I predominantly work on intellectual history and the history of political thought from circa 1450 to 1800, particularly varieties of republicanism. My current research centres on English republicanism and the English Republic in European and transatlantic context as well as their textual afterlives in the eighteenth century; themes in this work include transnational networks, the intersection of religion and politics, transcultural exchange, gender, race, and exclusion in early modern thought, theories and practices of enslavement and its critique, and the experience of exile.

The aforementioned themes coalesce in my ongoing PhD thesis, ‘Liberty, Virtue, and the Commonwealth of Rights: The Republicanism of Algernon Sidney’ (due for submission in May 2023). My thesis reassesses Sidney’s political, religious, and economic thought in the broader context of his unpublished writings, networks, and activities, variously as a soldier, parliamentarian, diplomat, exile, polemicist, and plotter. I have undertaken research on Sidney in over thirty archives across eight states and this work will introduce a wide range of previously uncited manuscript sources.

Connected to my PhD, my project at the Fondazione Luigi Einaudi explores the reception of Sidney, alongside other English republicans, such as James Harrington, Edmund Ludlow, John Milton, and Henry Neville, in the writings and debates of the Enlightenment, with a focus on France and the states of the Italian peninsular, especially Naples.

I have presented widely, including conferences hosted in France (Rouen), Germany (Darmstadt), Italy (Florence, Turin, Venice), Lithuania (Vilnius), the Netherlands (Leiden), and the United Kingdom (Belfast, Cambridge, Newcastle).

I also have an interest in historical methodology, the history of intellectual history as a discipline, and political theory.

From 2020 to 2022 I worked as an external research assistant in Florence for projects on identity formation and martial culture in late medieval and early Renaissance Tuscany for Peter Sposato (Indiana University Kokomo).

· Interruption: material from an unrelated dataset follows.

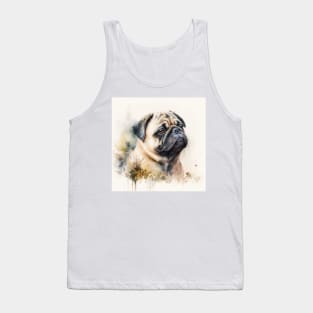 Pug Watercolour Style Painting Tank Top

– ‘Democracy in Algernon Sidney’s Discourses concerning government’, in Republicanism and Democracy: Close Friends? , ed. Skadi Siiri Krause and Dirk Jorke (Springer, Cham, 2022), pp. 81-111.


I have assisted faculty in the following postgraduate seminars:

– Intellectual and Cultural History (Departmental Seminar, 2019-2020)
– The Circulation of Ideas and Information (Research Seminar, 2019-2020)

In March 2019 I was awarded a ‘Teaching in Higher Education’ certificate from the EUI following the completion of a peer-reviewed special training course with instructors based at the EUI and University College London. As part of this course I prepared and taught a class to other graduate students.